Assignment
Copy out exactly the lines from the one with "Lịch nghỉ tết Tân Sửu 2021 - Bizbooks" through the last line of the listing below, both included, but none of the pictures.

---

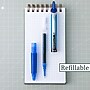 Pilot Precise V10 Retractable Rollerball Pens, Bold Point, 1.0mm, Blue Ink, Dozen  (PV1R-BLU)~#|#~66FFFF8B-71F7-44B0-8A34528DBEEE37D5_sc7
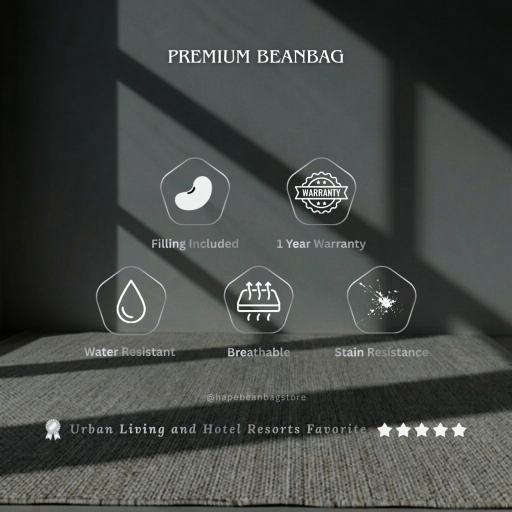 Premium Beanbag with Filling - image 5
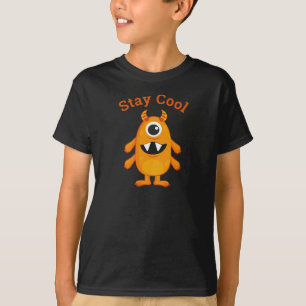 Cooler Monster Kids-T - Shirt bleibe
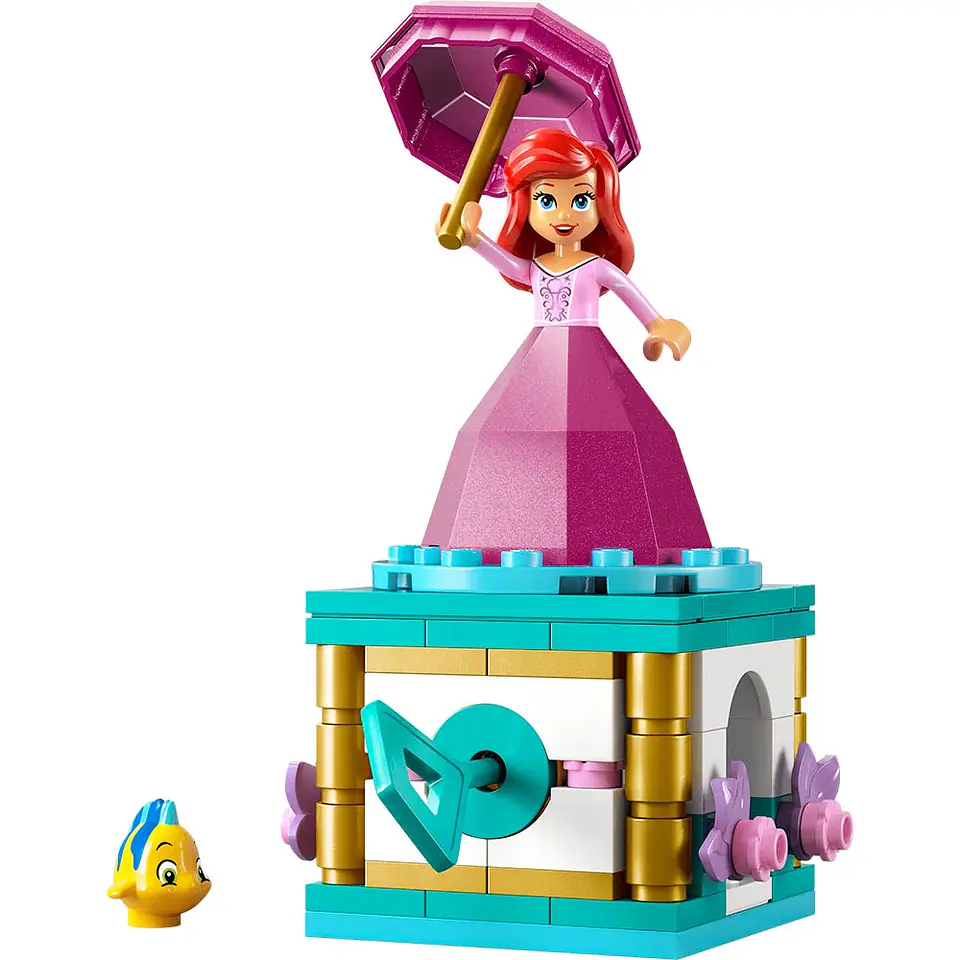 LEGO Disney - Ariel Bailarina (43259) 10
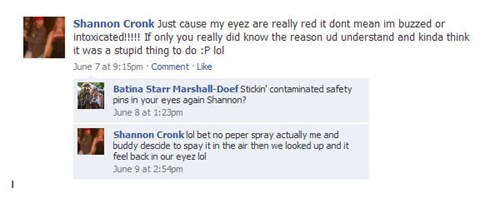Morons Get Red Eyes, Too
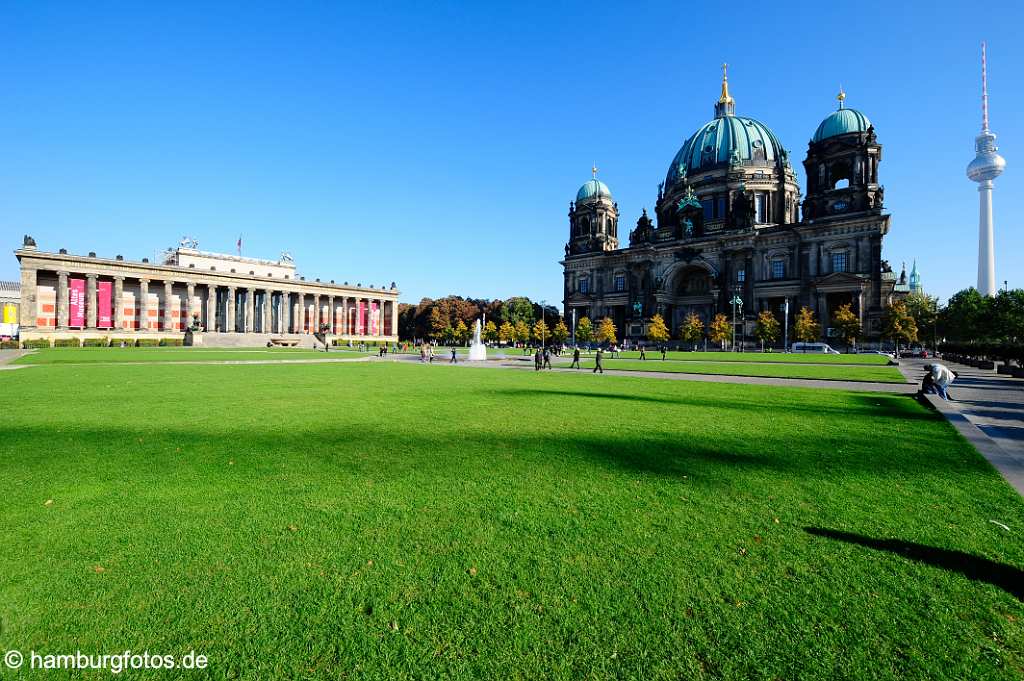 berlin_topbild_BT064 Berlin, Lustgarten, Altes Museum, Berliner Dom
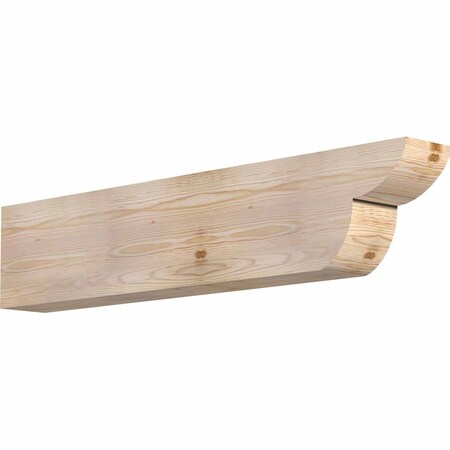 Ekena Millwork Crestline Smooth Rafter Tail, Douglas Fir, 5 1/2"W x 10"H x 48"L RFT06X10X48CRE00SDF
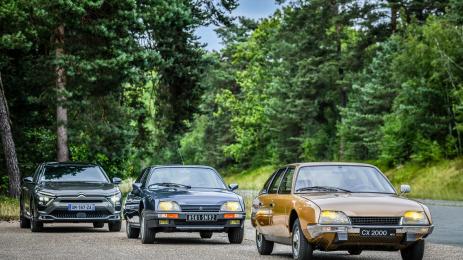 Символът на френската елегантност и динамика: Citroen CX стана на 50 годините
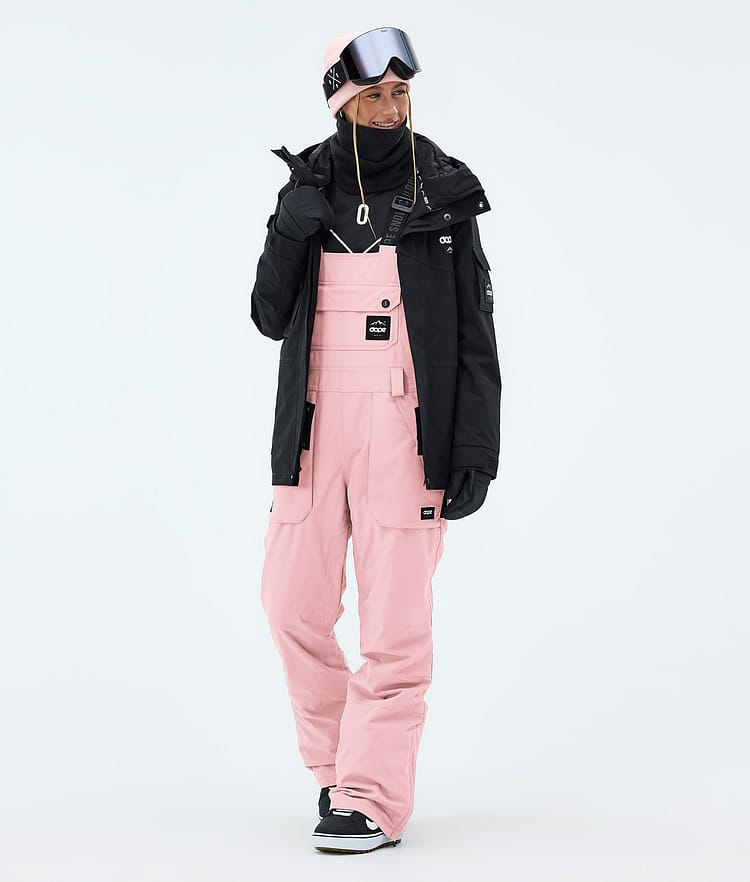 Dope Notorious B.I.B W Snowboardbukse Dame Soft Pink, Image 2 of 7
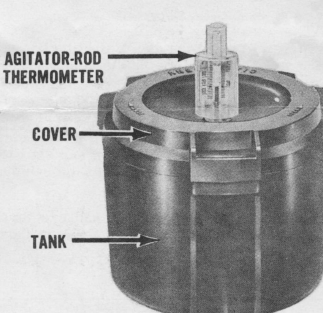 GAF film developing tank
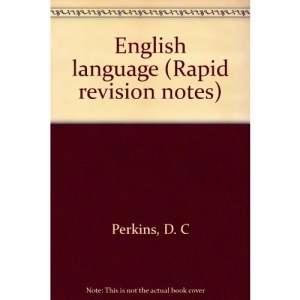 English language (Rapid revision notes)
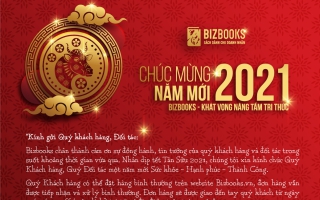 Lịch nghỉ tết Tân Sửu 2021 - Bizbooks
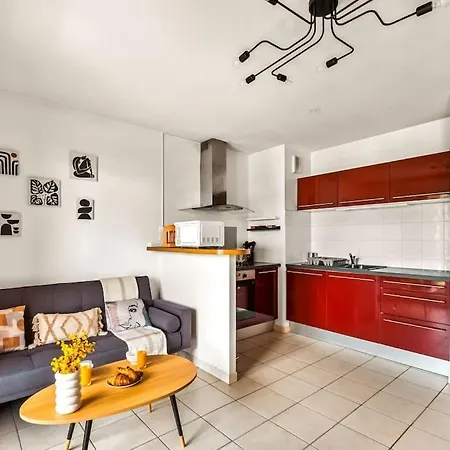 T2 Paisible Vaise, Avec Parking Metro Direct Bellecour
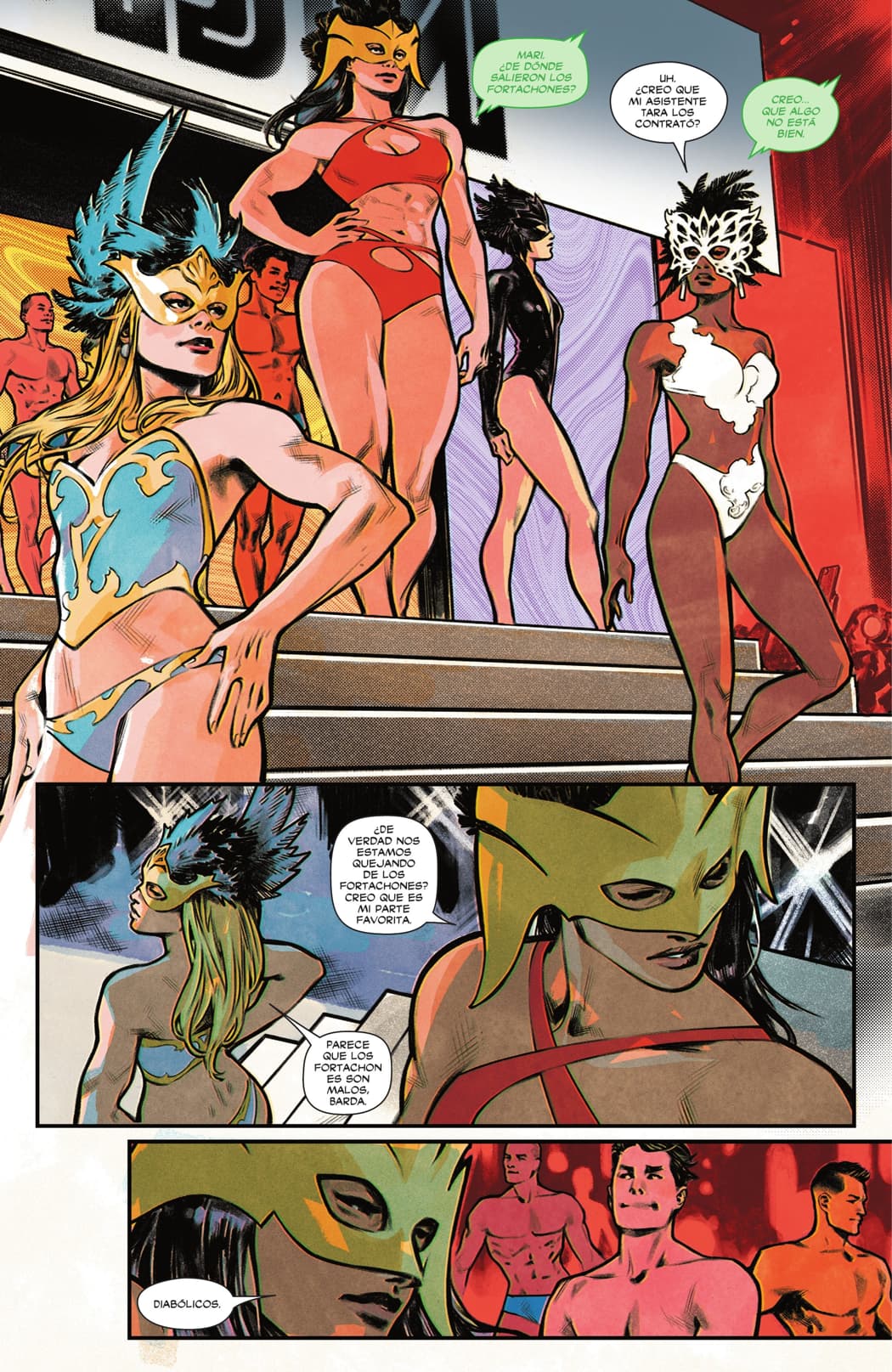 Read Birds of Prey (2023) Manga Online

---

Exercise output
 Lịch nghỉ tết Tân Sửu 2021 - Bizbooks
 T2 Paisible Vaise, Avec Parking Metro Direct Bellecour
 Read Birds of Prey (2023) Manga Online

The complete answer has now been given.